Task statement -
Restate all the data word for word and omit the pictures.

Dataset content -
================================
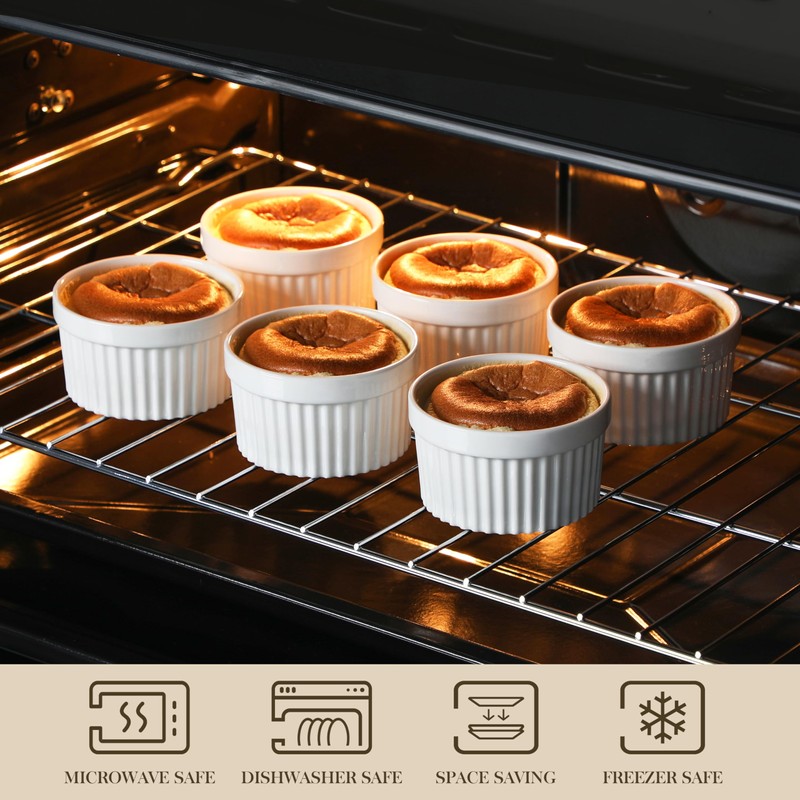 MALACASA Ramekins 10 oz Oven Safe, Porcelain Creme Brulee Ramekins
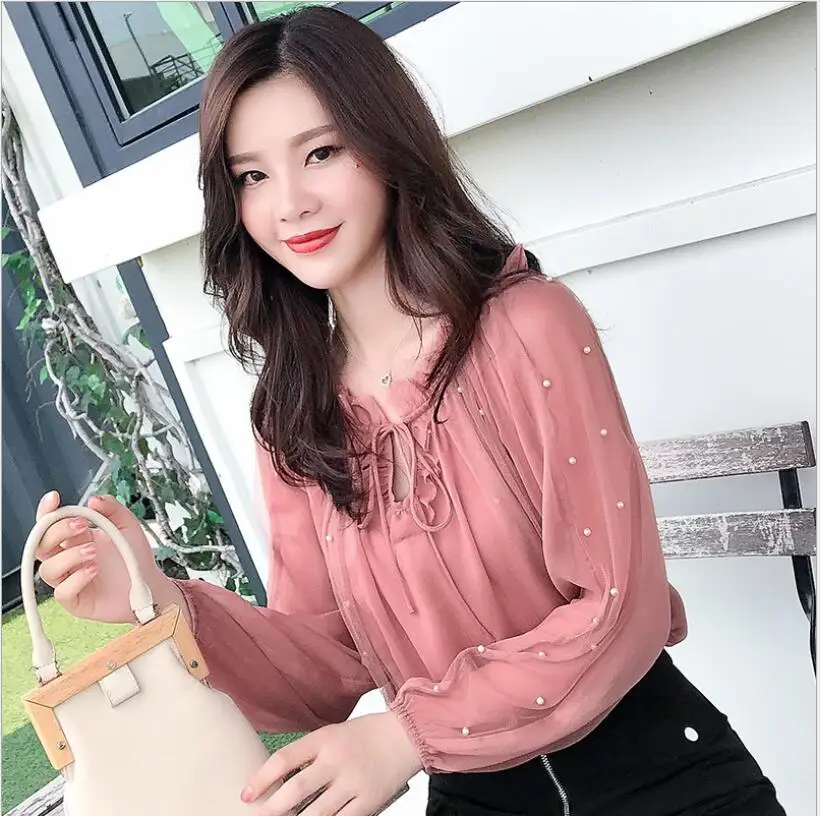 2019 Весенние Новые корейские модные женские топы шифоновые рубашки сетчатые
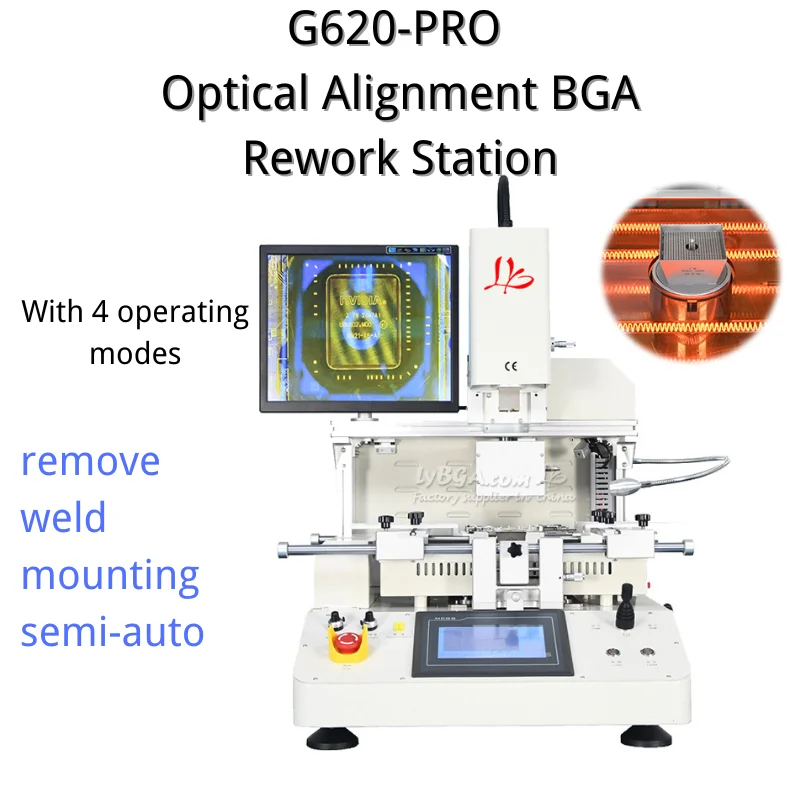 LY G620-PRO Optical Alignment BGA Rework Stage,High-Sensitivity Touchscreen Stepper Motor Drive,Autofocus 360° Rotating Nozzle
================================
Result -
 MALACASA Ramekins 10 oz Oven Safe, Porcelain Creme Brulee Ramekins
 2019 Весенние Новые корейские модные женские топы шифоновые рубашки сетчатые
 LY G620-PRO Optical Alignment BGA Rework Stage,High-Sensitivity Touchscreen Stepper Motor Drive,Autofocus 360° Rotating Nozzle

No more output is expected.